Metacharacter(s) |
Description |
Example
Note that all the if statements return a TRUE value |
. |
Normally matches any character except a newline. Within square brackets the dot is literal. |
string1 = "Hello, world."
if re.search(r".....", string1):
print string1 + " has length >= 5"
|
( ) |
Groups a series of pattern elements to a single element. When you match a pattern within parentheses, you can use any of $1, $2, ... later to refer to the previously matched pattern. |
string1 = "Hello, world."
m_obj = re.search(r"(H..).(o..)", string1)
if m_obj:
print "We matched '" + m_obj.group(1) +\
"' and '" + m_obj.group(2) + "'"
Output:
We matched 'Hel' and 'o, ';
|
+ |
Matches the preceding pattern element one or more times. |
string1 = "Hello, world."
if re.search(r"l+", string1):
print 'There are one or more consecutive letter "l"' +\
"'s in " + string1
Output:
There are one or more consecutive letter "l"'s in Hello World
|
? |
Matches the preceding pattern element zero or one times. |
string1 = "Hello, world."
if re.search(r"H.?e", string1):
print "There is an 'H' and a 'e' separated by " +\
"0-1 characters (Ex: He Hoe)\n"
|
? |
Modifies the *, +, or {M,N}'d regexp that comes before to match as few times as possible. |
string1 = "Hello, world."
if re.search(r"l.+?o", string1):
print "The non-greedy match with 'l' followed by\n" +\
"one or more characters is 'llo' rather than\n" +\
"'llo wo'."
|
* |
Matches the preceding pattern element zero or more times. |
string1 = "Hello, world."
if re.search(r"el*o", string1):
print "There is an 'e' followed by zero to many\n" +\
"'l' followed by 'o' (eo, elo, ello, elllo)"
|
{M,N} |
Denotes the minimum M and the maximum N match count. |
string1 = "Hello, world."
if re.search(r"l{1,2}", string1):
print "There exists a substring with at least 1\n" +\
"and at most 2 l's in " + string1
|
[...] |
Denotes a set of possible character matches. |
string1 = "Hello, world."
if re.search(r"[aeiou]+", string1):
print string1 + " contains one or more vowels."
|
| |
Separates alternate possibilities. |
string1 = "Hello, world."
if re.search(r"(Hello|Hi|Pogo)", string1):
print "At least one of Hello, Hi, or Pogo is " +\
"contained in " + string1
|
\b |
Matches a word boundary. |
string1 = "Hello World"
if re.search(r"llo\b", string1):
print "There is a word that ends with 'llo'"
else:
print "There are no words that end with 'llo'"
|
\w |
Matches an alphanumeric character, including "_". |
string1 = "Hello World"
m_obj = re.search(r"(\w\w)", string1)
if m_obj:
print "The first two adjacent alphanumeric characters"

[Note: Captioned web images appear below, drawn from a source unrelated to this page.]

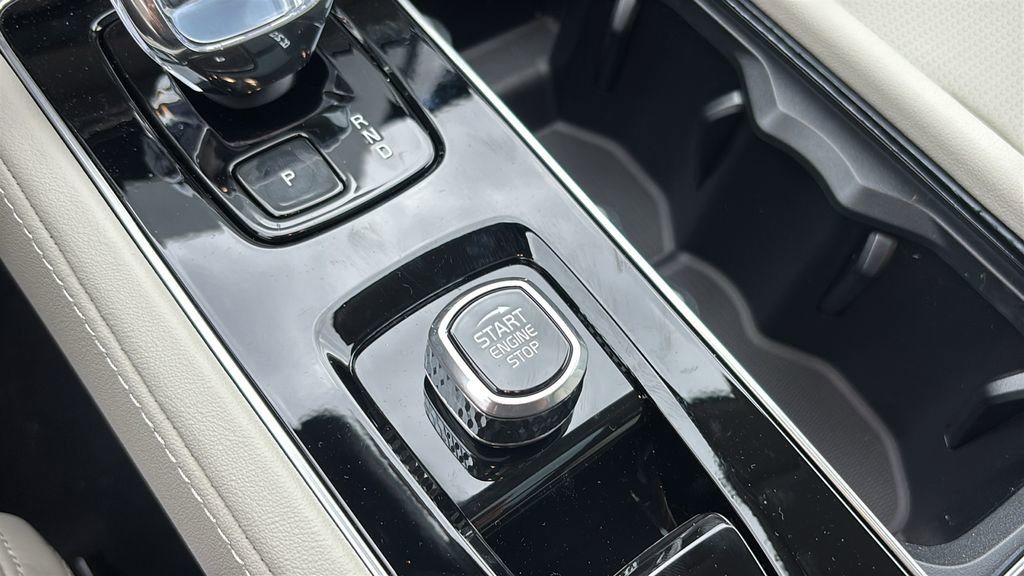 New 2026 Volvo XC90 B6 Ultra image 16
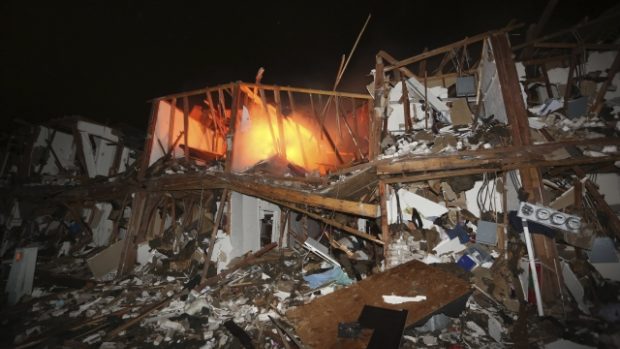 Bytový komplex zničený po výbuchu továrny na hnojiva v texaském městečku West stále hoří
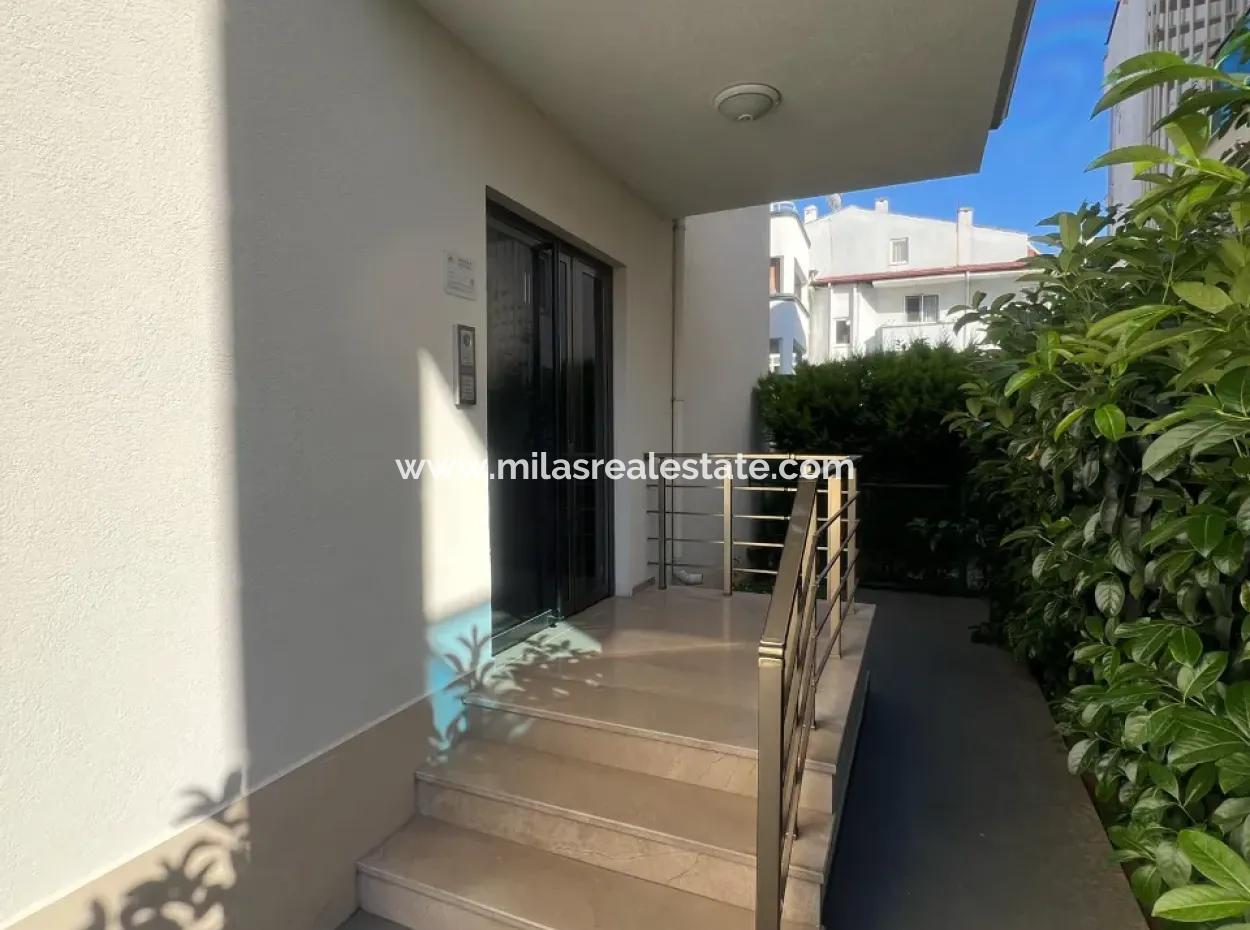 2 Rooms 1 Living Room New Building Upper Duplex Double Bathroom 90 M2 Apartment For Sale In The Center Of Marmaris Close To The Sea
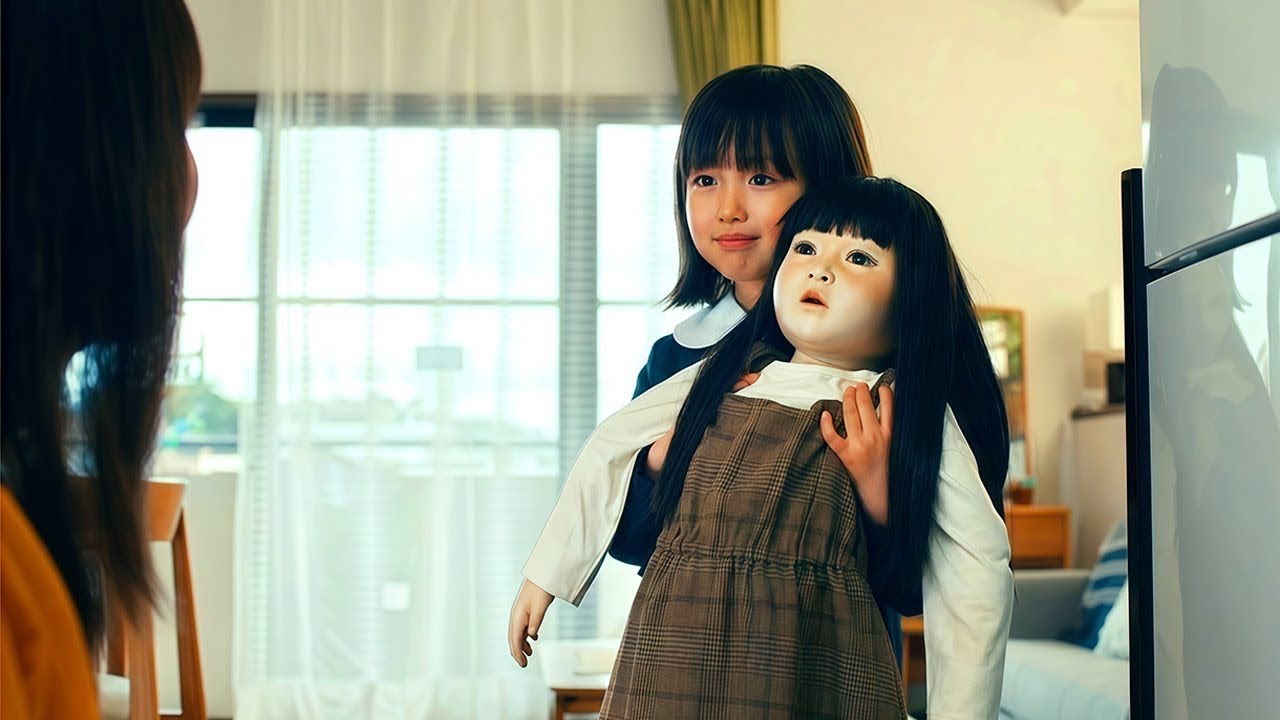 بتلاقي لعبه اطفال شبه بنتها الى مـ . ـاتت .. ومكنتش تعرف ان اللعبه جواها روح شريره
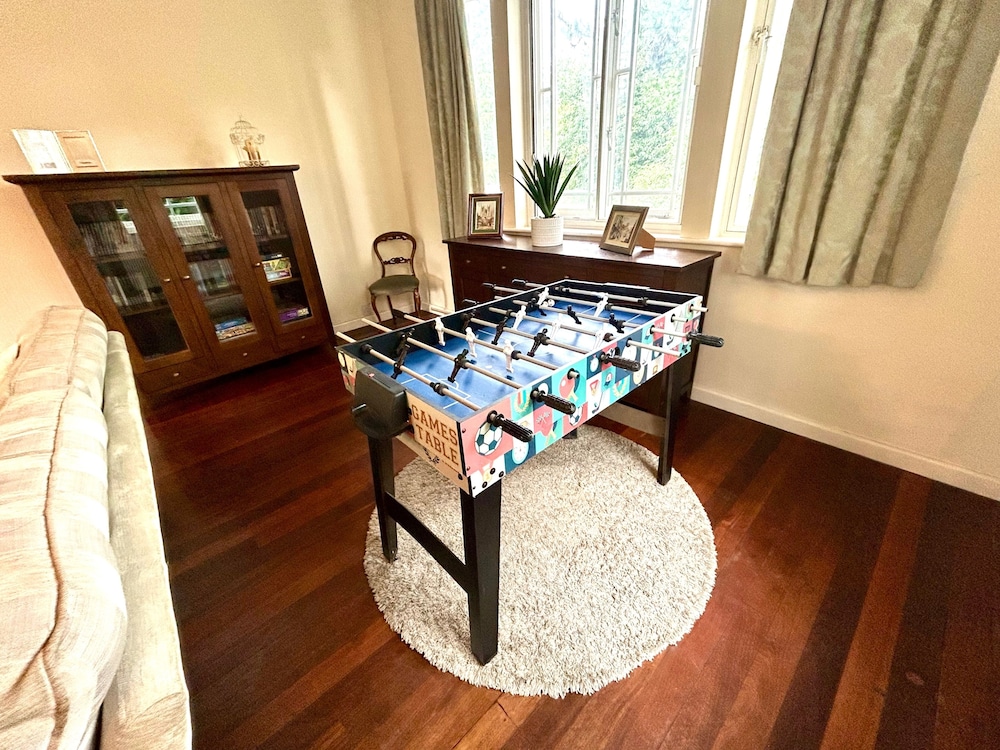 Private Lincoln Retreat - 4 Bedroom House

print "(A-Z, a-z, 0-9, _) in", string1, "were",
print m_obj.group(1)
Output:
The first two adjacent alphanumeric characters
(A-Z, a-z, 0-9, _) in Hello World were He
|
\W |
Matches a non-alphanumeric character, excluding "_". |
string1 = "Hello World"
if re.search(r"\W", string1):
print "The space between Hello and " +\
"World is not alphanumeric"
|
\s |
Matches a whitespace character (space, tab, newline, form feed) |
string1 = "Hello World\n"
if re.search(r"\s.*\s", string1):
print "There are TWO whitespace characters, which may"
print "be separated by other characters, in", string1
|
\S |
Matches anything BUT a whitespace. |
string1 = "Hello World\n"
m_obj = re.search(r"(\S*)\s*(\S*)", string1)
if m_obj:
print "The first two groups of NON-whitespace characters"
print "are '%s' and '%s'." % m_obj.groups()
Output:
The first two groups of NON-whitespace characters
are 'Hello' and 'World'.
|
\d |
Matches a digit, same as [0-9]. |
string1 = "99 bottles of beer on the wall."
m_obj = re.search(r"(\d+)", string1)
if m_obj:
print m_obj.group(1), "is the first number in '" +\
string1 + "'"
Output:
99 is the first number in '99 bottles of beer on the wall.'
|
\D |
Matches a non-digit. |
string1 = "Hello World"
if re.search(r"\D", string1):
print "There is at least one character in", string1,
print "that is not a digit."
|
^ |
Matches the beginning of a line or string. |
string1 = "Hello World"
if re.search(r"^He", string1):
print string1, "starts with the characters 'He'"
|
$ |
Matches the end of a line or string. |
string1 = "Hello World"
if re.search(r"rld$", string1):
print string1, "is a line or string " +\
"that ends with 'rld'"
|
\A |
Matches the beginning of a string (but not an internal line). |
string1 = "Hello\nWorld\n"
if re.search(r"\AH", string1):
print string1, "is a string",
print "that starts with 'H'"
Output:
Hello
World
is a string that starts with 'H'
|
\Z |
Matches the end of a string (but not an internal line). |
string1 = "Hello\nWorld\n"
if re.search(r"d\n\Z", string1):
print string1, "is a string",
print "that ends with 'd\\n'"
|
[^...]
| Matches every character except the ones inside brackets. |
string1 = "Hello World\n"
if re.search(r"[^abc]", string1):
print string1 + " contains a character other than " +\
"a, b, and c"
|